Prise de risque : dimanche 21 juin.

Le texte de l’évangile, sur le site de l’AELF.

Pour situer le texte :

     Et voilà que, tout tranquillement, comme si de rien n’était, nous revenons à l’évangile de Matthieu, dont nous avons quitté la lecture « suivie » (à défaut de « continue »… et encore !) le 23 février. Je parie, cher lecteur, que tu ne t’en souvenais même plus !

     De fait, nous nous retrouvons plus loin dans le texte : je ne vais pas faire le résumé de ce qui s’est passé entre-temps, cela n’aurait pas beaucoup de sens ni d’intérêt.

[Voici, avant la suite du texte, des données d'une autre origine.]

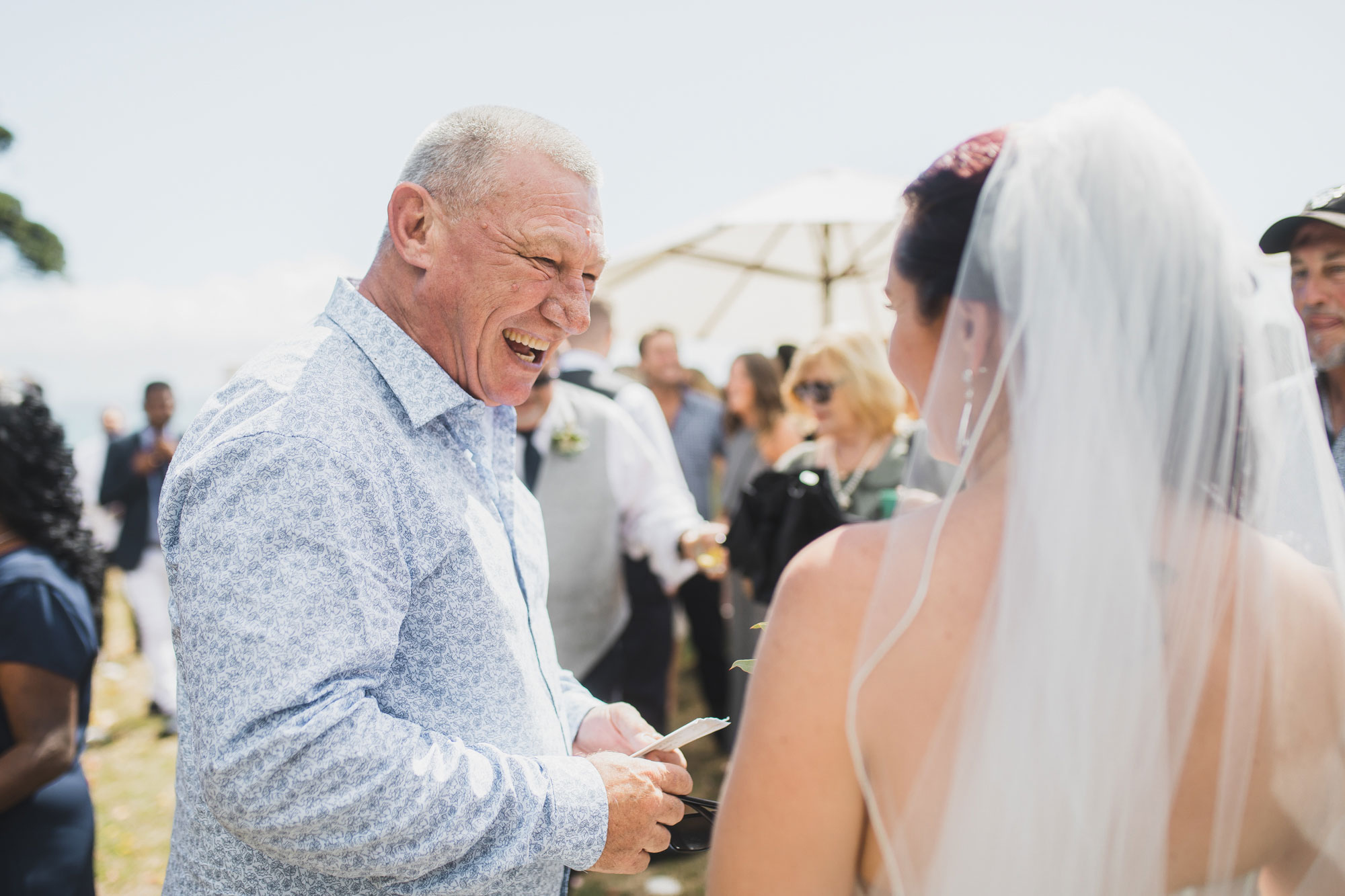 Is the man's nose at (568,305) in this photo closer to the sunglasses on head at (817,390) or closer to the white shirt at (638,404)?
the sunglasses on head at (817,390)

Disons simplement que, dans la construction de Matthieu, Jésus a désormais fait choix de douze disciples, dont il donne les noms, et « ces douze-là, Jésus les envoie » (Mt.10,5). Cet envoi ce fait avec une longue suite de paroles, certaines injonctives, d’autres de recommandation : c’est dans cet ensemble que nous nous trouvons.

Mon modeste commentaire :

     « Donc, n’ayez pas peur d’eux : rien en effet n’est couvert qui ne sera découvert, et caché qui ne sera porté à connaissance. » Ce « donc » nous fait clairement comprendre que ce mots sont reliés à ceux qui précèdent, ils en sont comme une conséquence. Nous y reporter nous permettra aussi d’identifier ce « eux » dont il ne faut pas avoir peur. Or ce qui vient d’être dit, c’est : » Méfiez-vous des hommes : ils vous livreront aux tribunaux et vous flagelleront dans leurs synagogues. […] » Curieux avertissement tout de même : Jésus envoie ses disciples en mission, mais en leur disant de se méfier de ceux qu’ils vont rencontrer ? Oui, c’est très curieux, et il dit aussi immédiatement auparavant : « Je vous envoie comme des brebis au milieu de loups. » Autrement dit, les disciples, comme leur maîtres, vont au devant des hommes, mais sans illusion, en sachant qu’il en est parmi ceux-là qui vont chercher à les dévorer.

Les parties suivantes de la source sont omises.